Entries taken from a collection
== == ==
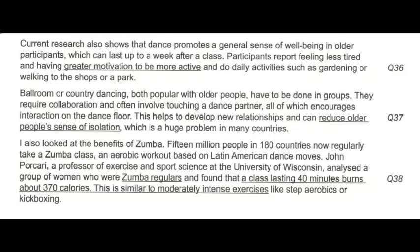Participants report feeling less tired and having greater motivation to be more active and do daily activities such as gardening or walking to the shops or a park. Ballroom or country dancing, both popular with older people, have to be done in groups. They require collaboration and often involve touching a dance partner, all of which encourages interaction on the dance floor. This helps to develop new relationships and can reduce older people's sense of isolation, which is a huge problem in many countries.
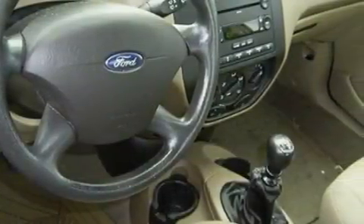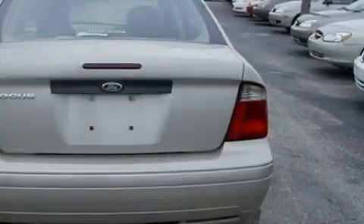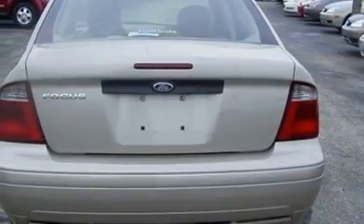Among the many superb features on this Ford there are a power outlet, power steering, a CD player, a security system, power child safety door locks, and this vehicle has just over 26,000 miles.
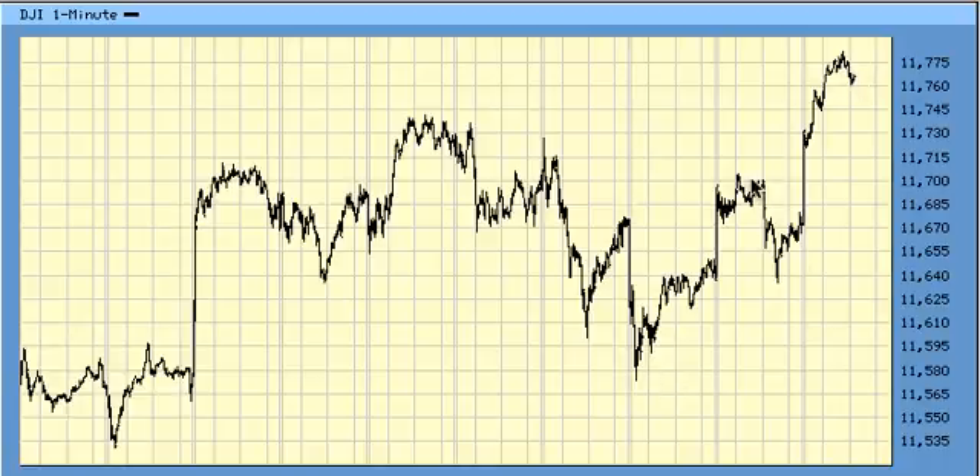This looks like wave 1, wave 2, wave 3. The gap up was strong enough to push it into third wave territory. So we have a third wave right now, which is great.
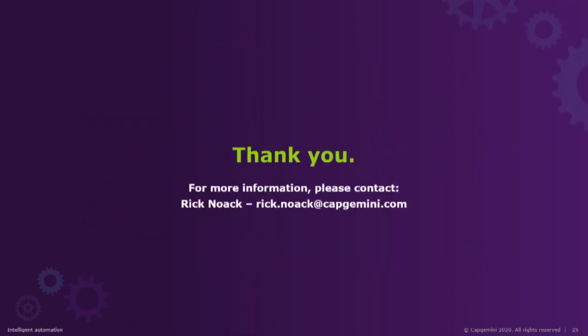Thank you very much for your time. I hope this has been helpful to you in your RPA program and in your endeavors. If you need more information or would like to discuss aspects of intelligent automation, my email address is rick.noack@capgemini.com. Thank you very much for attending.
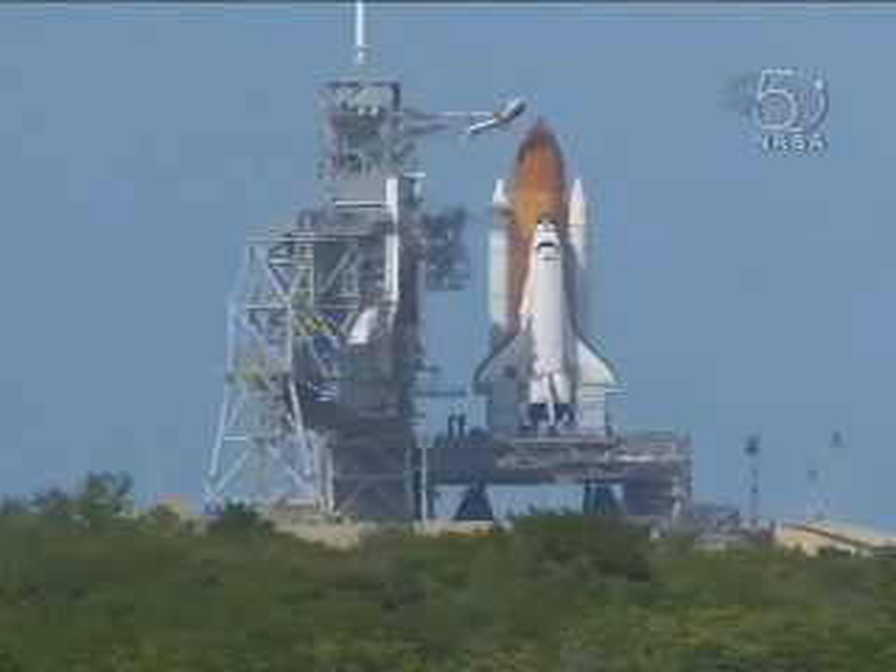T-minus 2 minutes, 2 minutes to launch of Atlantis with the Columbus laboratory. DLS is go for ET-LO2 pressurization.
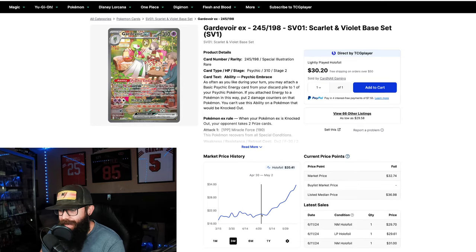We don't know where this chart is leading — it could come back down, level off, or just keep running. I could see it running up and passing the Miriam and then having a dip. But I think this card even at this price is extremely undervalued. Gardevoir is a popular Pokémon and this is an amazing looking card.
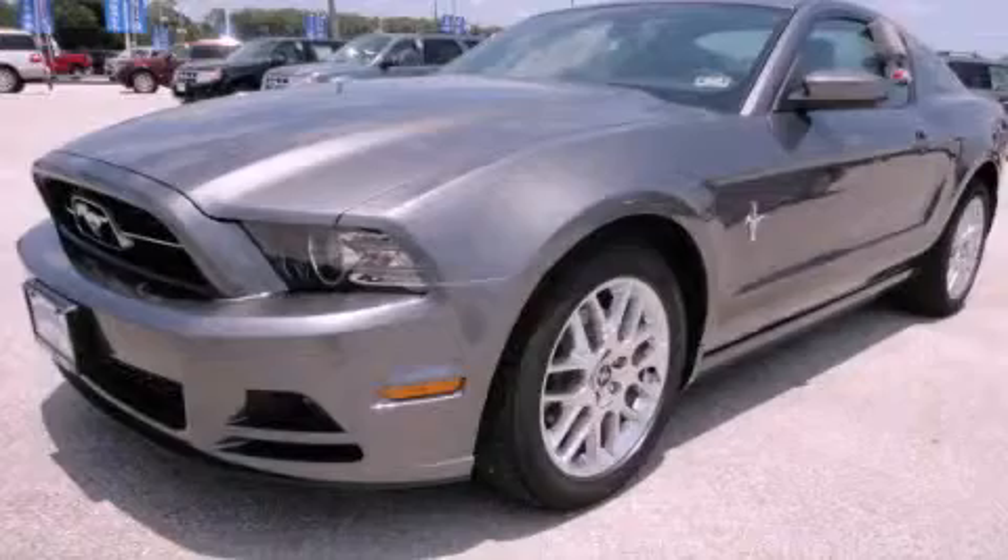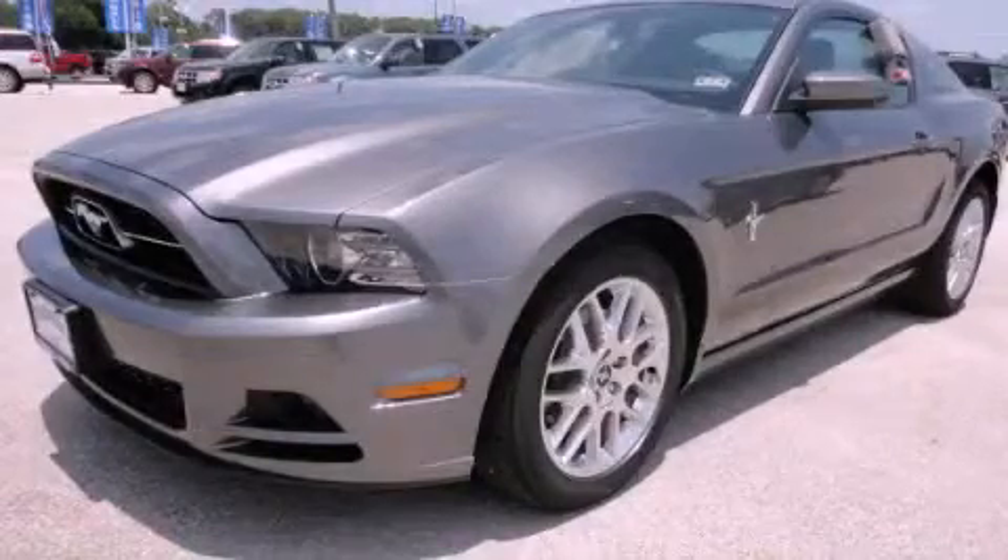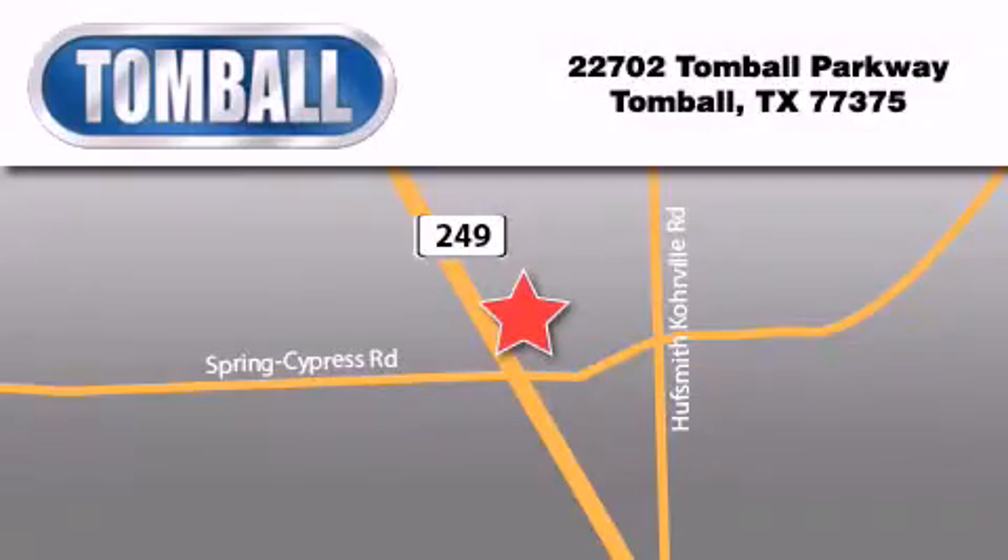Contact us today to schedule your opportunity to see this automobile in person. Tomball Ford is located at 22702 Tomball Parkway in Tomball. Our goal is to exceed all of your expectations to ensure that you'll return for future visits.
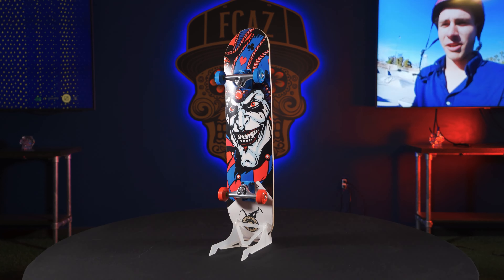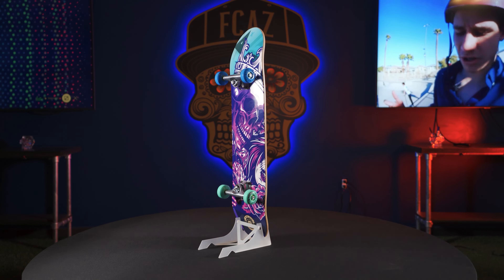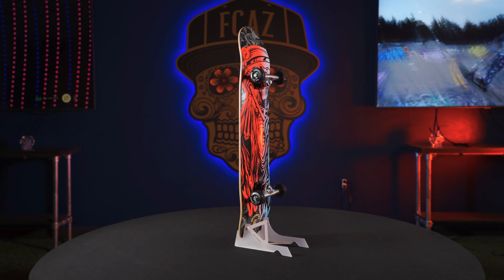Each kickflip complete comes with our new alloy trucks, 52 millimeter wheels, and ABEC 9 bearings. These things will get you going fast through the park or street.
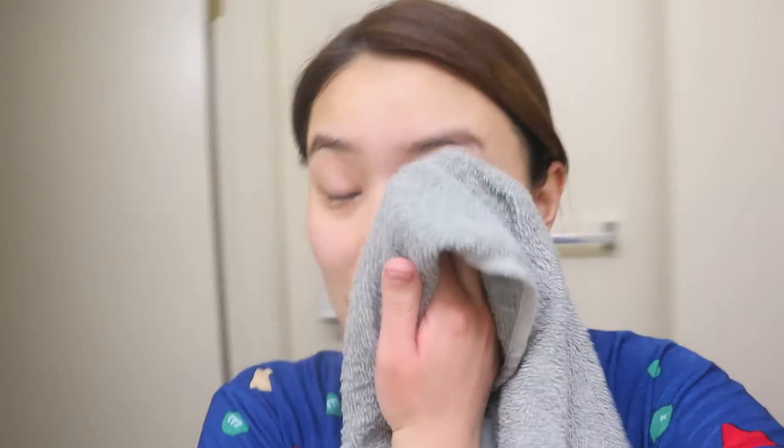I was washing my face and I realized I don't vlog anymore, so I thought I would take you through an end-of-day kind of routine.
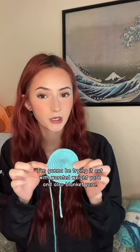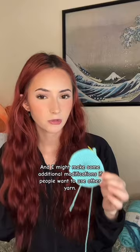I'm also working on my no-sew dolphin pattern. A couple of my testers had some issues with symmetry when using a different kind of yarn other than Sweet Snuggles Light. I'm going to be trying it out with worsted weight yarn and also blanket yarn, and I might make some additional modifications if people want to use other yarn.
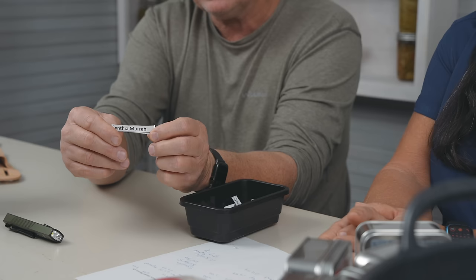One more thing — gift cards! If you just don't know what to buy somebody, you can get them a gift card on the website, even last minute the day before Christmas. This week's drawing winner is Cynthia Murrah — send your shipping information to customerservice@hosstools.com and we'll get you a coveted pair of Get Dirty socks.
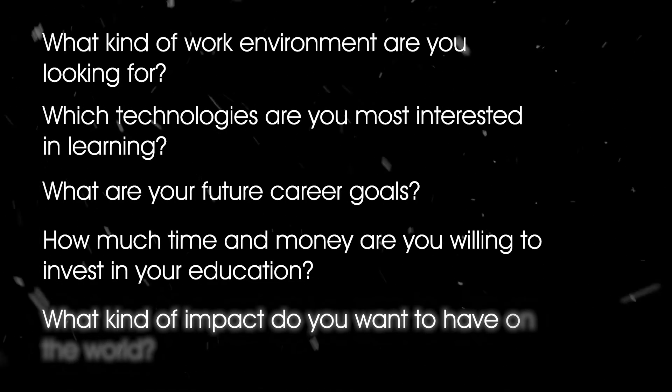Fifth and last question: what kind of impact do you want to have on the world? Salesforce developers help businesses manage their customer relationships and improve their sales and marketing processes. Web developers help businesses create websites and web applications that inform, engage, and connect with their customers.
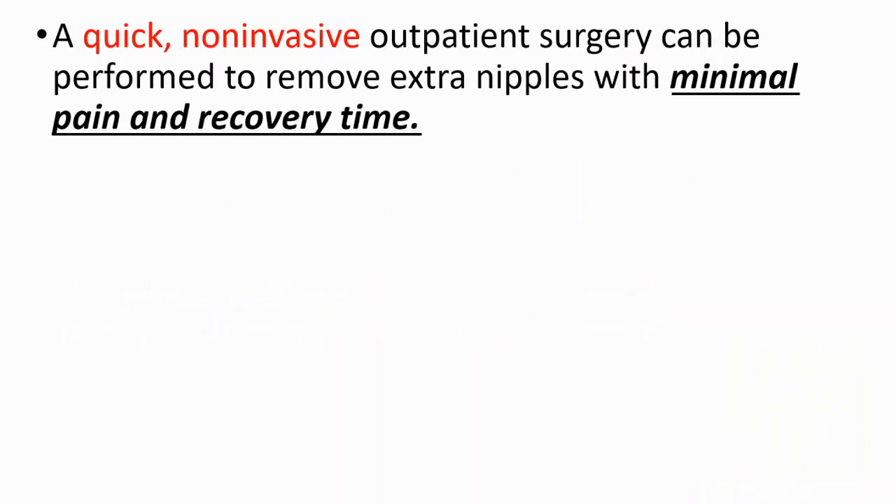If you want to remove them, a quick non-invasive outpatient surgery can be performed to remove extra nipples with minimal pain and recovery time.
== == ==
#### Description of the task
The response should repeat every entry above exactly and include none of the pictures.

#### Response to this exercise
Participants report feeling less tired and having greater motivation to be more active and do daily activities such as gardening or walking to the shops or a park. Ballroom or country dancing, both popular with older people, have to be done in groups. They require collaboration and often involve touching a dance partner, all of which encourages interaction on the dance floor. This helps to develop new relationships and can reduce older people's sense of isolation, which is a huge problem in many countries.
Among the many superb features on this Ford there are a power outlet, power steering, a CD player, a security system, power child safety door locks, and this vehicle has just over 26,000 miles.
This looks like wave 1, wave 2, wave 3. The gap up was strong enough to push it into third wave territory. So we have a third wave right now, which is great.
Thank you very much for your time. I hope this has been helpful to you in your RPA program and in your endeavors. If you need more information or would like to discuss aspects of intelligent automation, my email address is rick.noack@capgemini.com. Thank you very much for attending.
T-minus 2 minutes, 2 minutes to launch of Atlantis with the Columbus laboratory. DLS is go for ET-LO2 pressurization.
We don't know where this chart is leading — it could come back down, level off, or just keep running. I could see it running up and passing the Miriam and then having a dip. But I think this card even at this price is extremely undervalued. Gardevoir is a popular Pokémon and this is an amazing looking card.
Contact us today to schedule your opportunity to see this automobile in person. Tomball Ford is located at 22702 Tomball Parkway in Tomball. Our goal is to exceed all of your expectations to ensure that you'll return for future visits.
Each kickflip complete comes with our new alloy trucks, 52 millimeter wheels, and ABEC 9 bearings. These things will get you going fast through the park or street.
I was washing my face and I realized I don't vlog anymore, so I thought I would take you through an end-of-day kind of routine.
I'm also working on my no-sew dolphin pattern. A couple of my testers had some issues with symmetry when using a different kind of yarn other than Sweet Snuggles Light. I'm going to be trying it out with worsted weight yarn and also blanket yarn, and I might make some additional modifications if people want to use other yarn.
One more thing — gift cards! If you just don't know what to buy somebody, you can get them a gift card on the website, even last minute the day before Christmas. This week's drawing winner is Cynthia Murrah — send your shipping information to customerservice@hosstools.com and we'll get you a coveted pair of Get Dirty socks.
Fifth and last question: what kind of impact do you want to have on the world? Salesforce developers help businesses manage their customer relationships and improve their sales and marketing processes. Web developers help businesses create websites and web applications that inform, engage, and connect with their customers.
If you want to remove them, a quick non-invasive outpatient surgery can be performed to remove extra nipples with minimal pain and recovery time.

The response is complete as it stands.